* [Task statement]:
Transcribe the line holding "Advianne's Cafe, Hotel, and Restaurant" together with every line after it, through the end of the records, exactly and with no pictures.

* [Stored data entries]:
------------------------------
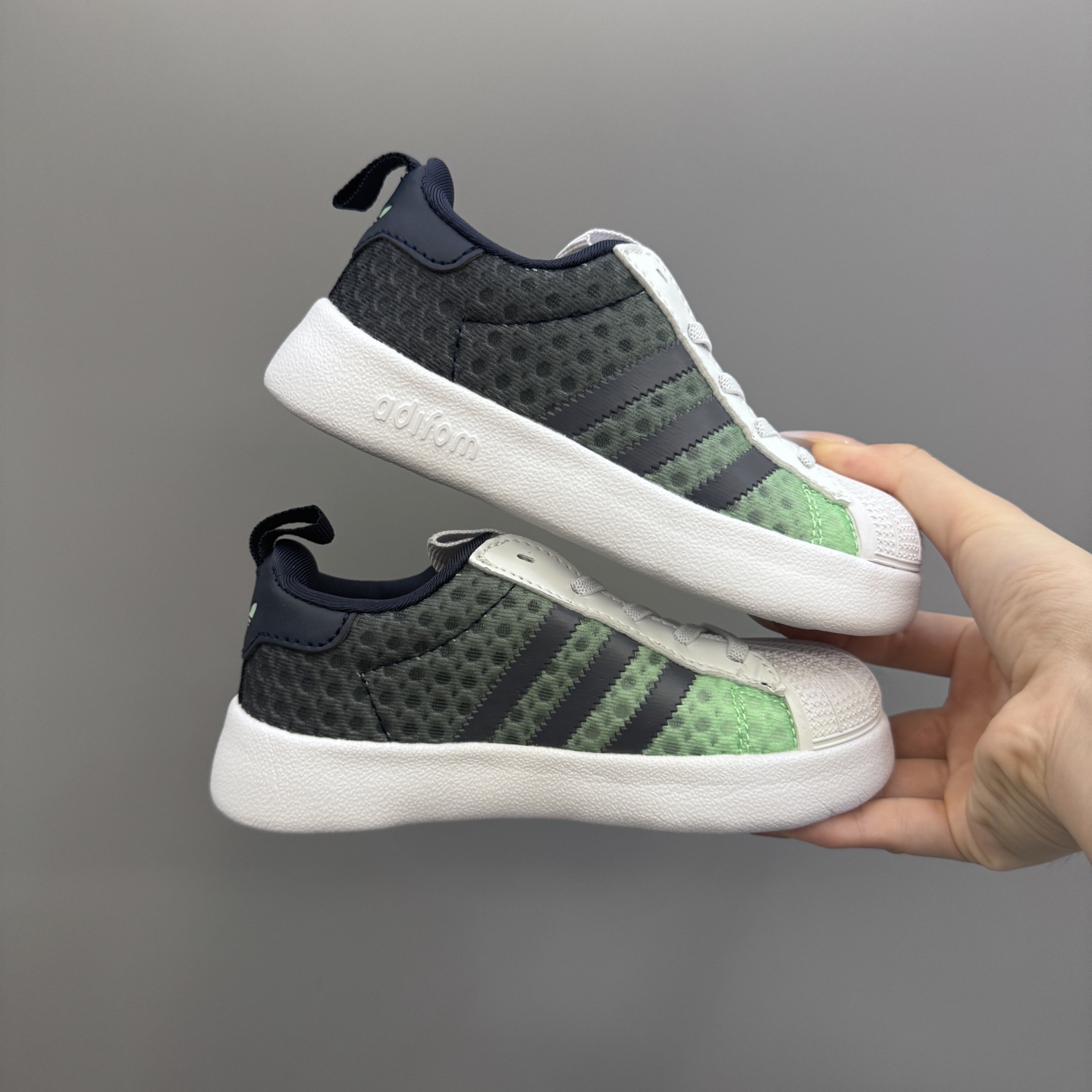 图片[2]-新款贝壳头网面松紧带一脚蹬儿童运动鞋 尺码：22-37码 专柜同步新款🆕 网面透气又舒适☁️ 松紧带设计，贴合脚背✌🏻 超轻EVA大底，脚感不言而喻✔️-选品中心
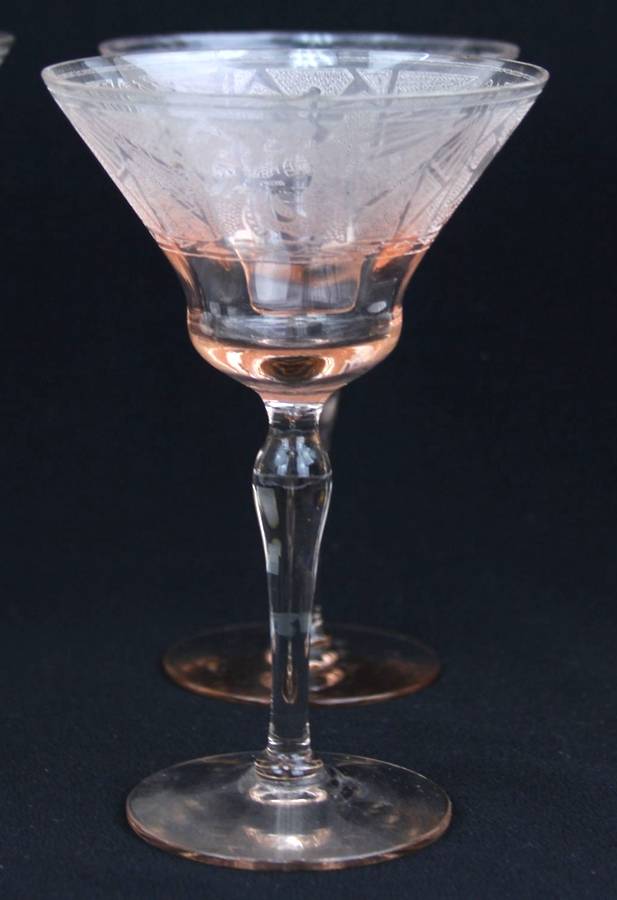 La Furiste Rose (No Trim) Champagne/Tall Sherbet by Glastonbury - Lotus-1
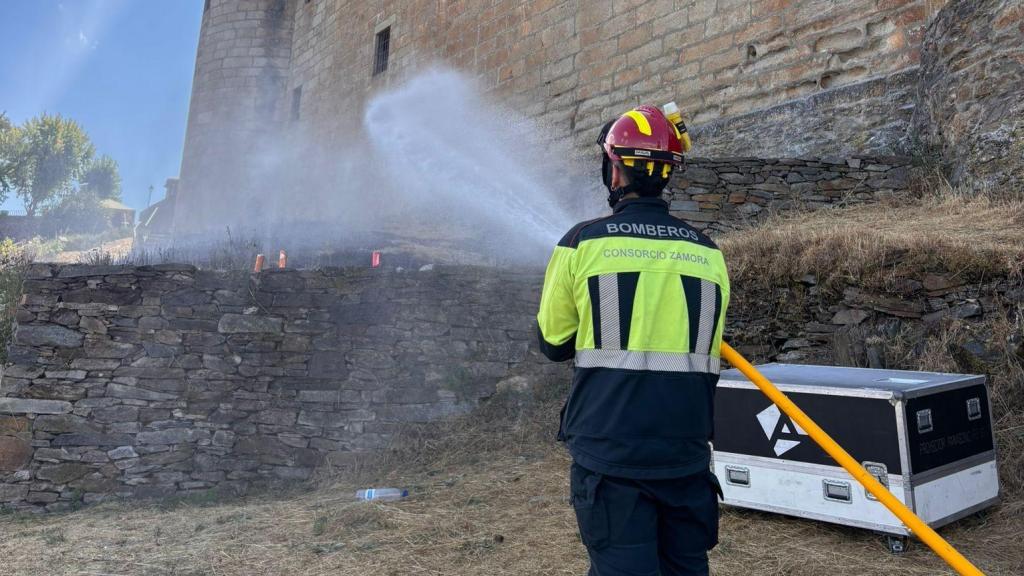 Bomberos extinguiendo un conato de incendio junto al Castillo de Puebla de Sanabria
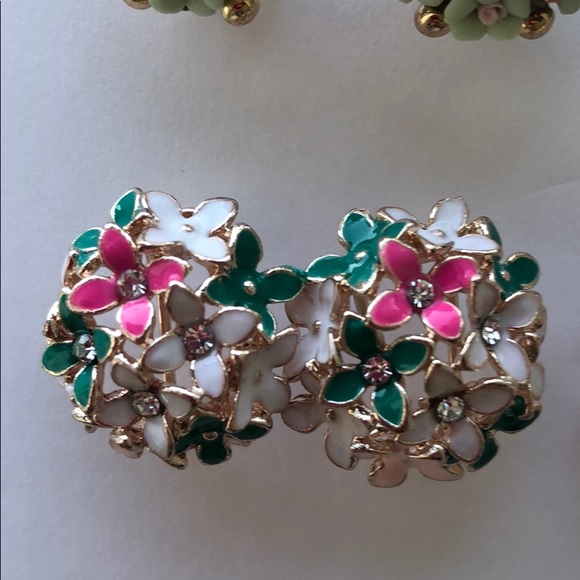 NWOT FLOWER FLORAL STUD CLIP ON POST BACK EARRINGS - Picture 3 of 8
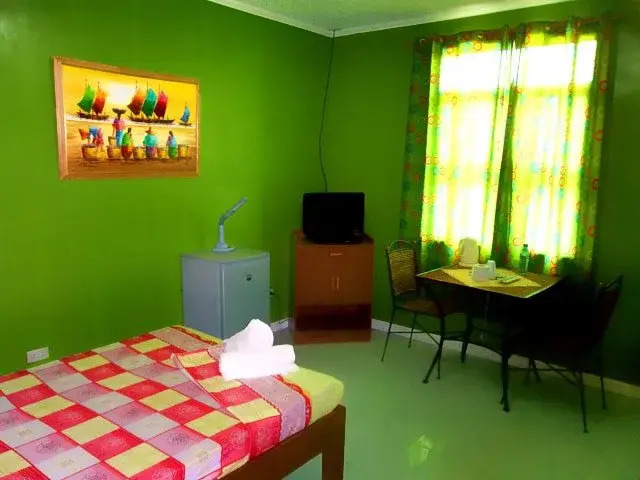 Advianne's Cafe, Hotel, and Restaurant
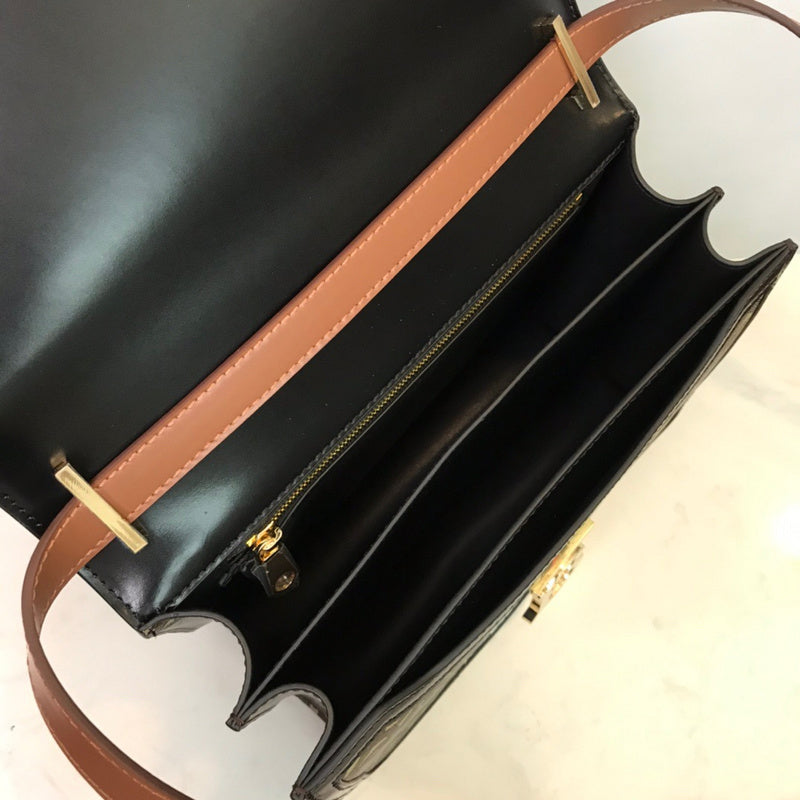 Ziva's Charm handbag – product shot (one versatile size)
------------------------------
* [Answer section]:
 Advianne's Cafe, Hotel, and Restaurant
 Ziva's Charm handbag – product shot (one versatile size)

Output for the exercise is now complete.